A quick guide to winter skin care

Newswise — Winter months often bring in cold, harsh changes for skin and hair, but a few good habits can alleviate dryness as well as the discomfort of itchy skin. UT Southwestern dermatologists offer some insight on the role moisture plays, and how to keep your skin and hair healthy when the temperatures drop.

“The relative lack of humidity during the winter months coupled with indoor heating systems will significantly dry out skin,” said Dr. Stephanie Savory, Assistant Professor of Dermatology at UT Southwestern.

While a change in weather is the main culprit of winter skin care, Dr. Savory said aging also is a key factor.

“As we age, the oil glands in our skin as a whole are less able to keep up with the dryness in our environment. Thus, we dry out more easily than we did when we were younger,” Dr. Savory said.

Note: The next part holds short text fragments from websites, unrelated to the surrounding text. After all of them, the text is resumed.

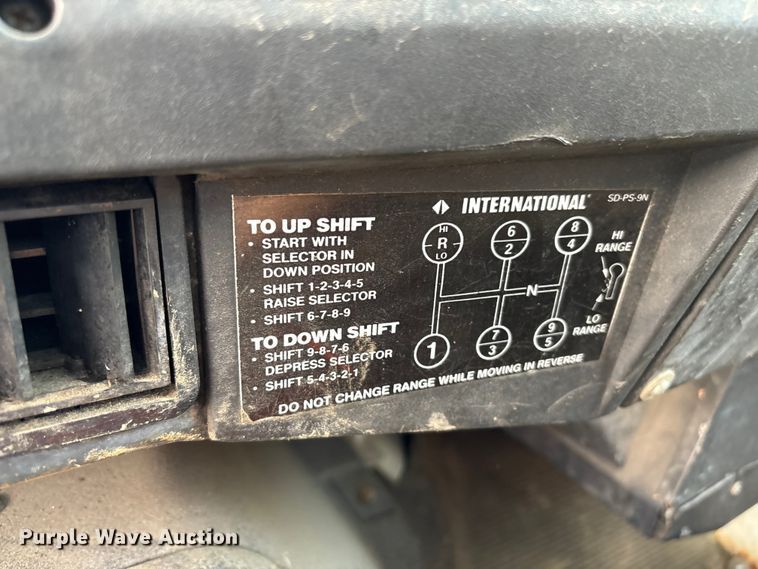 image for item ET8666 1997 International F-4900 crane truck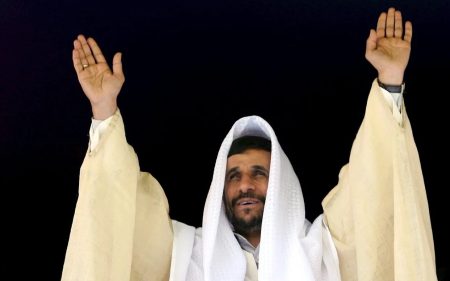 من شعارات ‘محو إسرائيل’ إلى الموت بصواريخها.. القصة الكاملة لاغتيال أحمدي نجاد اغتيال أحمدي نجاد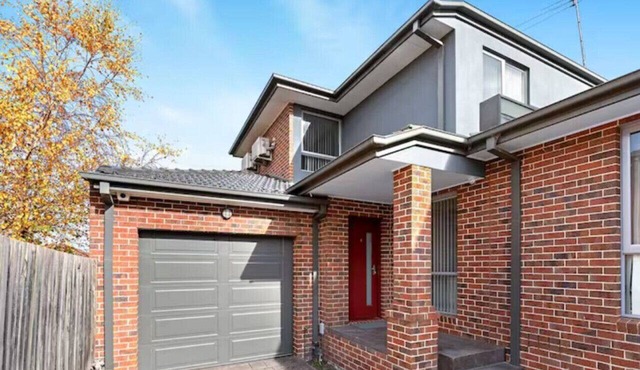 Domi Rentals - The Lona Townhouse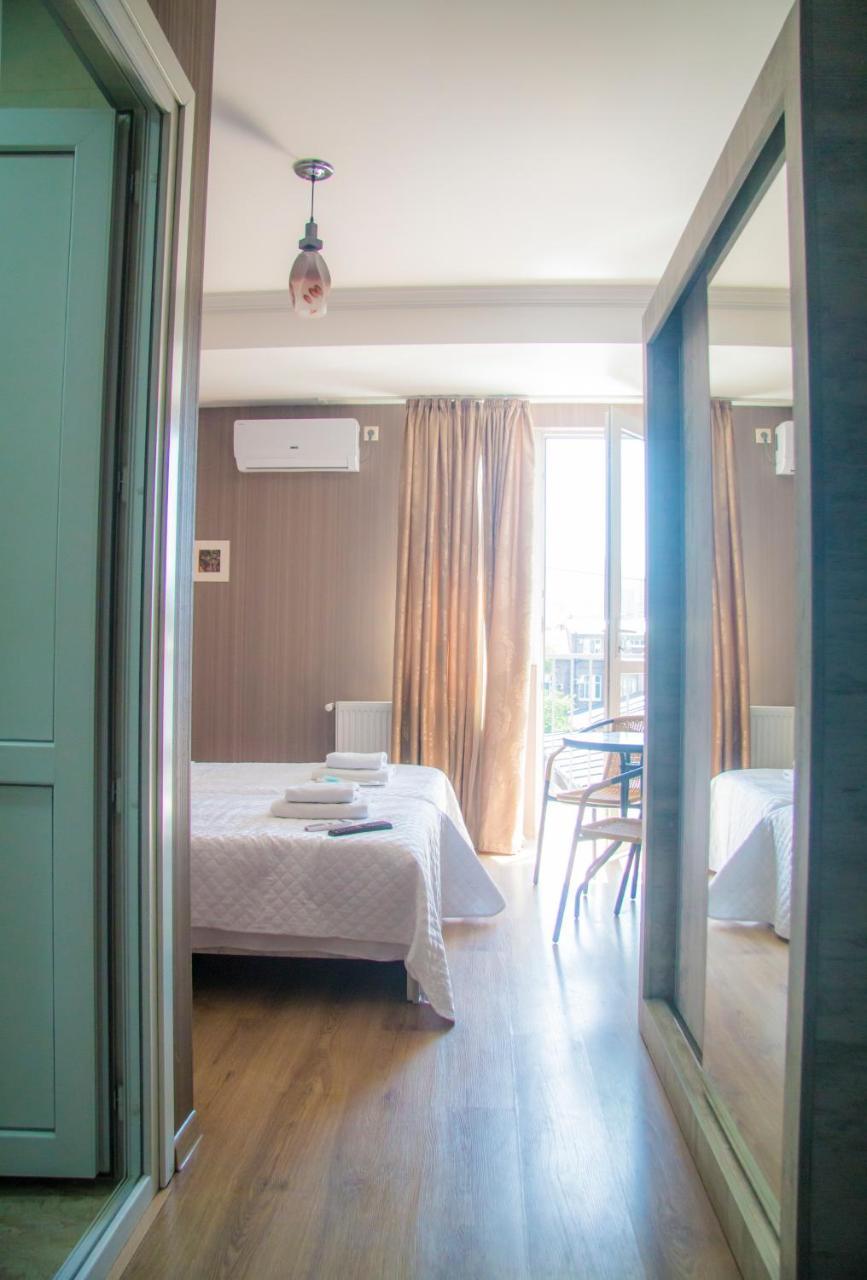Prima Rooms Тбілісі Екстер'єр фото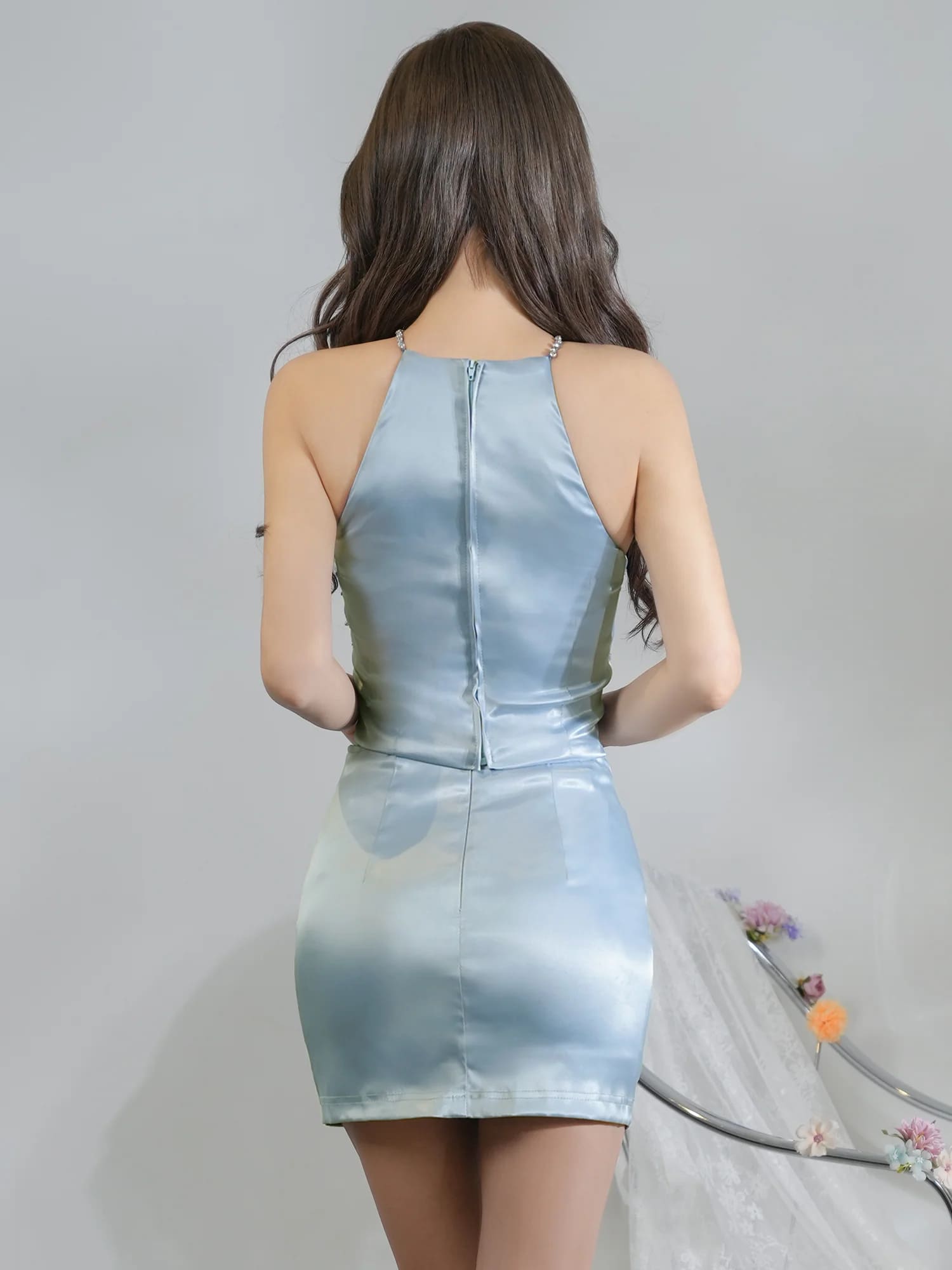 クロスデザイン ホルターネック オープンバスト リボン ビジュー サテン セットアップ タイトミニドレスのイメージ画像10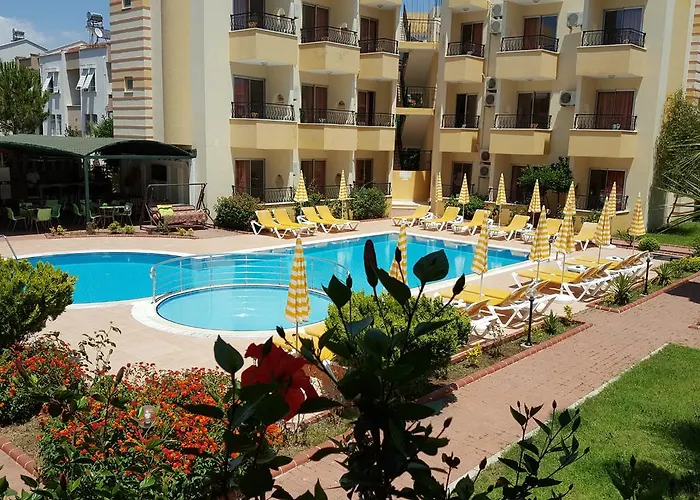 Summer Rose Hotel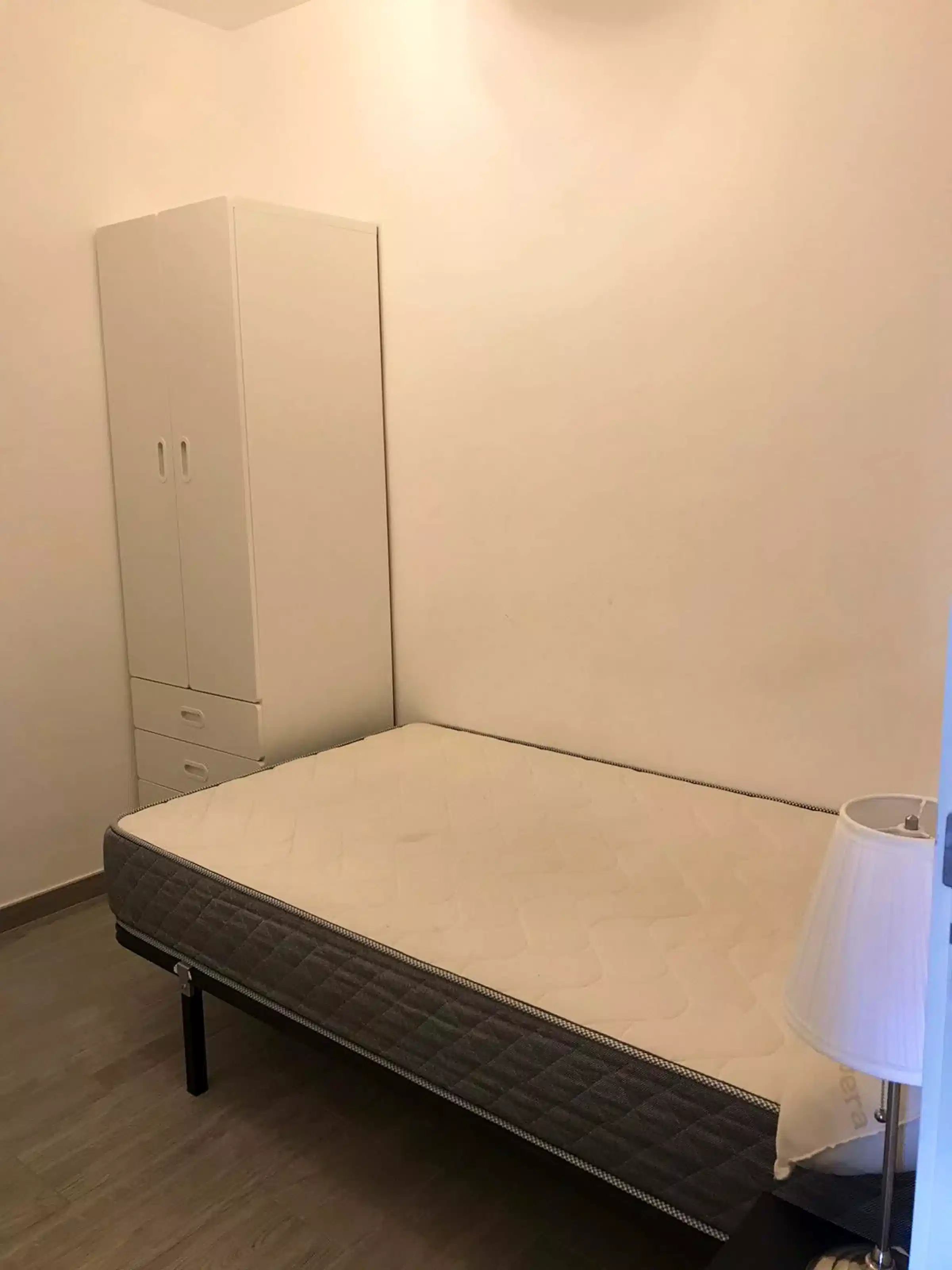 Exterior?w=400&h=260&fit=crop&q=40&auto=format&trim=auto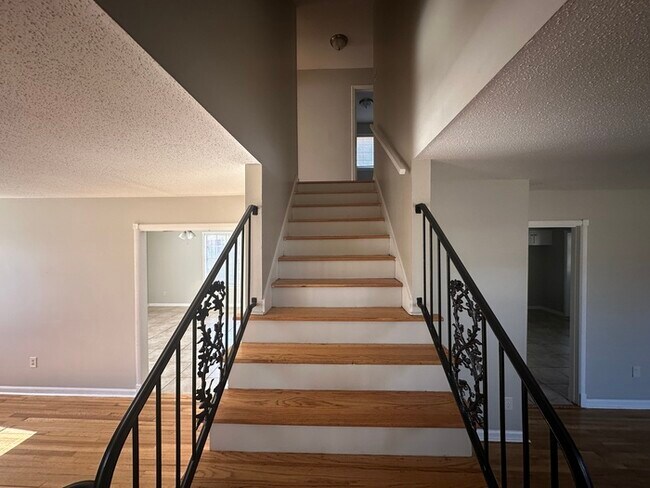 Foto del edificio - 3067 S Mendenhall Rd
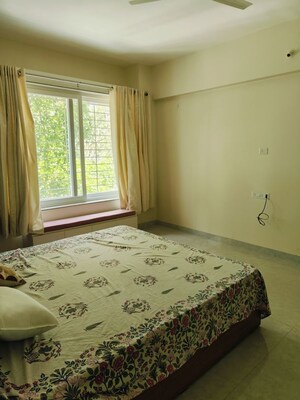 Bedroom in 3 BHK Apartment at Erandwane – for Rent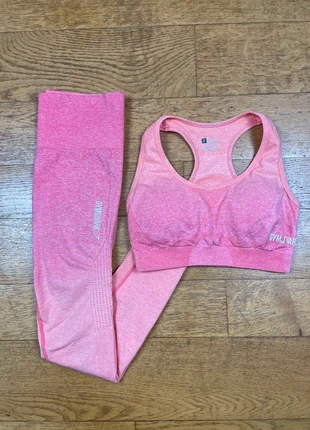 Ensemble de sport Gymshark legging + top /gris/XS-S/yoga musculation fitness, marque: Gymshark, état: Très bon état, taille: XS / 34 / 6, 30,00 €, 32,20 € Protection acheteurs incluse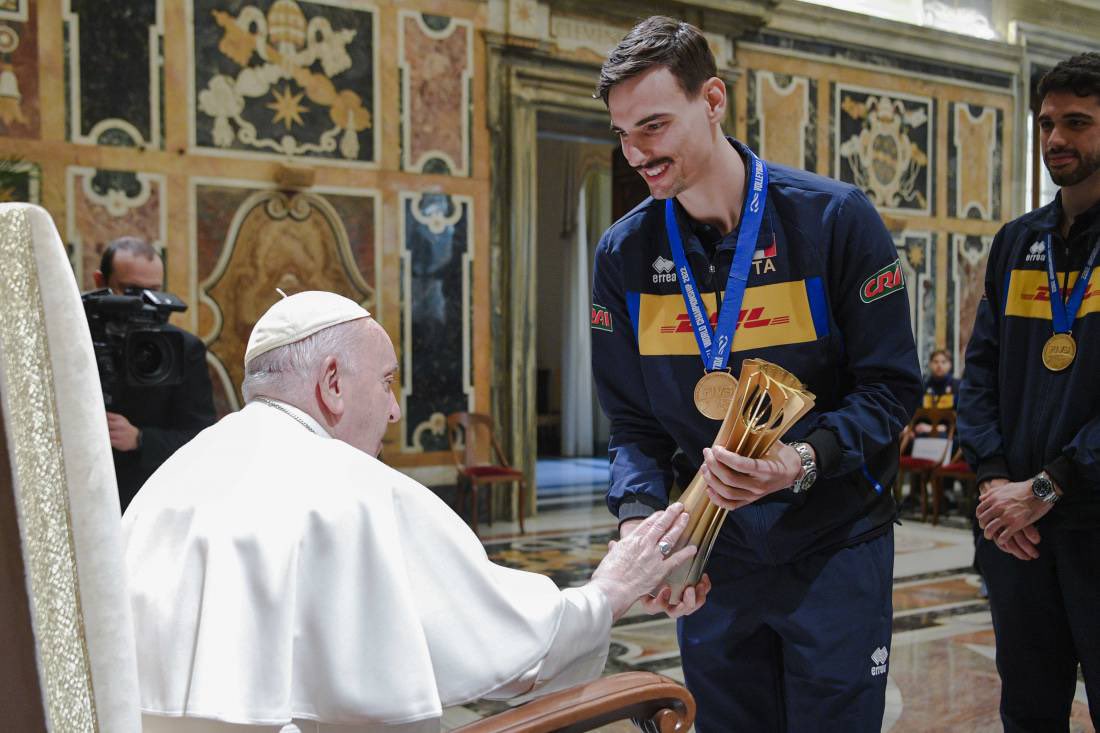 mikarinrolls's tweet photo. GIANNELLI LEADING THE ITALIAN TEAM GET THE WORLD CHAMPIONSHIP DURING TWO DIFFERENT POPES??????? 😭😭😭😭😭 https://t.co/KNzPthPYUm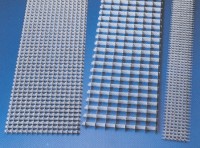Rejilla Cuadr�cula. Paneles de cuadricula para falsos techos desmontables sobre perfil T. Diferentes medidas de cuadro y dimensiones de panel. Posibilidad de colores.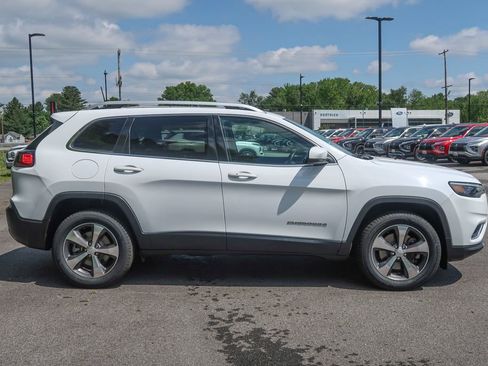 Used 2019 Jeep Cherokee Limited AWD/4WD image 9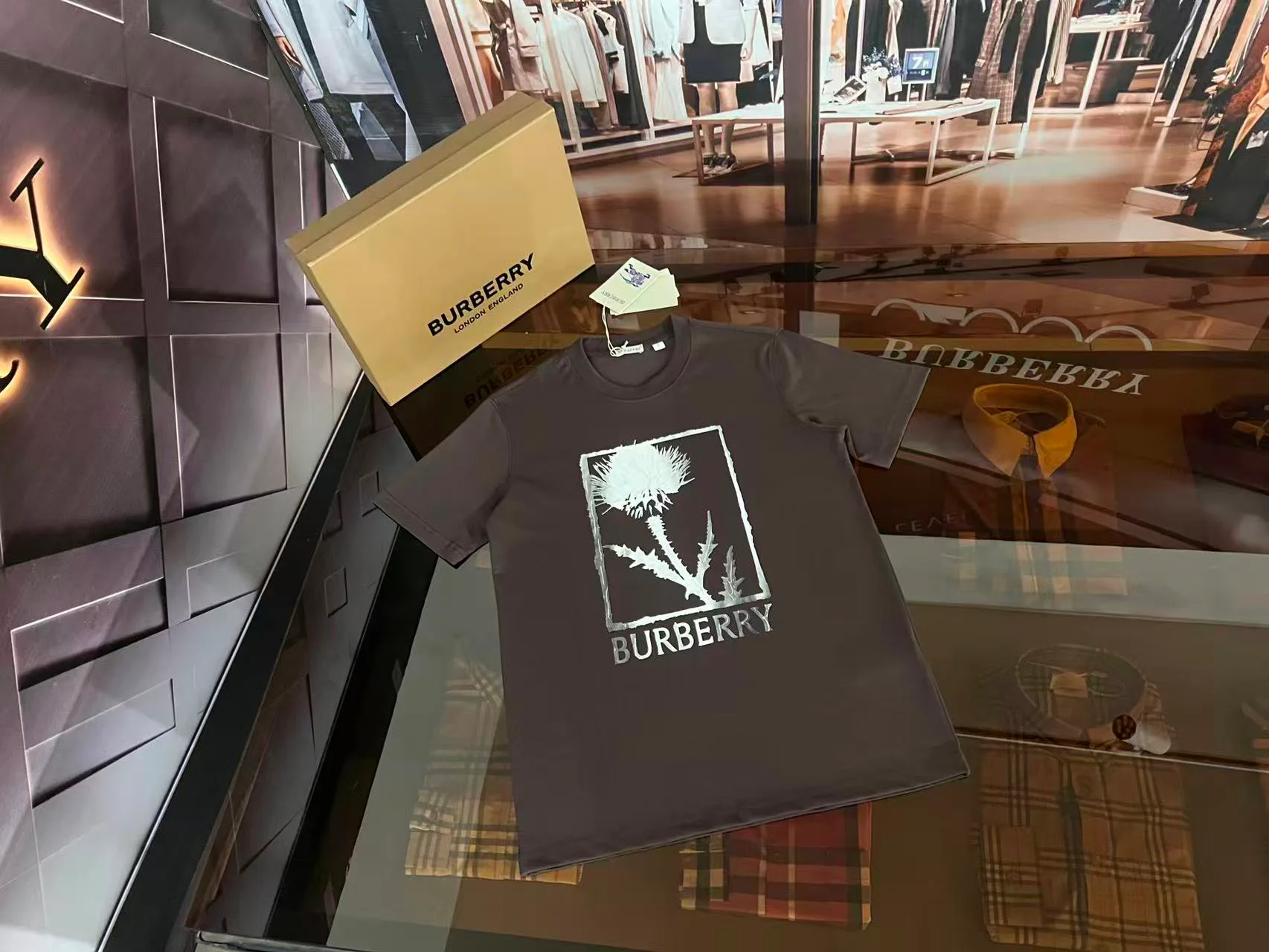 Футболки Женские Burberry 9867380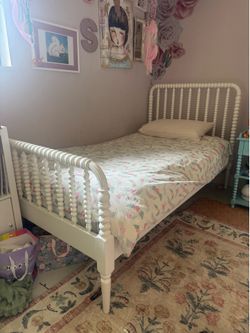 Land of Nod Jenny Lind Bed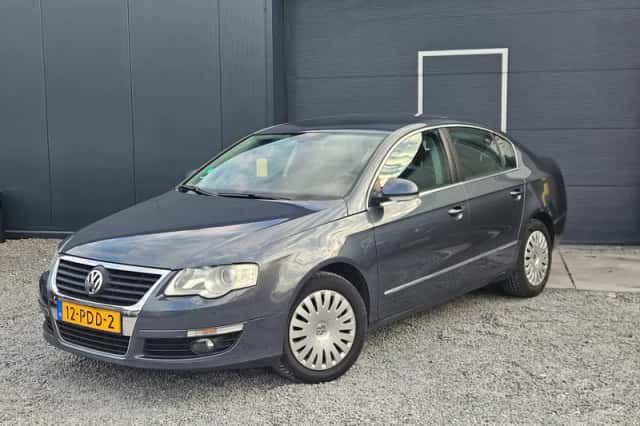 Volkswagen Passat (2011) thumbnail 1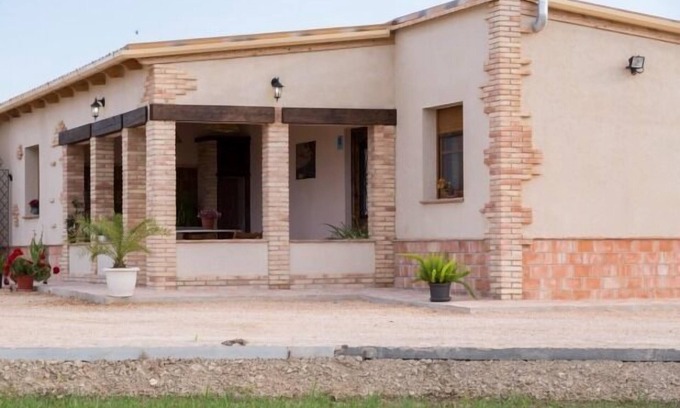 Deltebre Cottage | Casa la Tora for 8 people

Below are a few tips Dr. Savory suggests to help keep your skin and hair healthy during winter:

  • Take short, warm showers – Though they may feel good, long, hot showers can pull moisture from the skin and dry you out even more. Short (less than 10 minutes), lukewarm showers or baths with moisturizing soap are preferable in winter.
  • Moisturize, moisturize, moisturize – Within 2-3 minutes of emerging from the shower, apply a coat of a fragrance-free, moisturizing cream or ointment, not lotion, all over the body to lock in the skin's moisture. Sleeping with a humidifier in your bedroom will also help moisten the air.
  • Use a leave-in conditioner to protect the scalp and hair – Just like skin on other areas of the body, the scalp dries more easily in winter. If you notice more dryness or itching of the scalp outside of scalp disease such as dandruff or psoriasis, try a leave-in, deep conditioner a couple of times per week. If the symptoms don’t improve, see a dermatologist.
  • Always use sunscreen – There is still significant UV exposure on cloudy days and cold days. Everyone needs a daily sunscreen, gentle cleanser, and moisturizer to use year-round. Sunscreen not only helps prevent skin cancer such as melanoma, but it maintains the thickness of the skin, which contributes to a youthful appearance and can help reduce the appearance of wrinkles and sunspots that often give an aged, sun-damaged look. Thus, sunscreen is important every day, even if it's cold, cloudy, or if you're only leaving home for a short while. Choose one that has UVA and UVB coverage, and is SPF 30 or higher.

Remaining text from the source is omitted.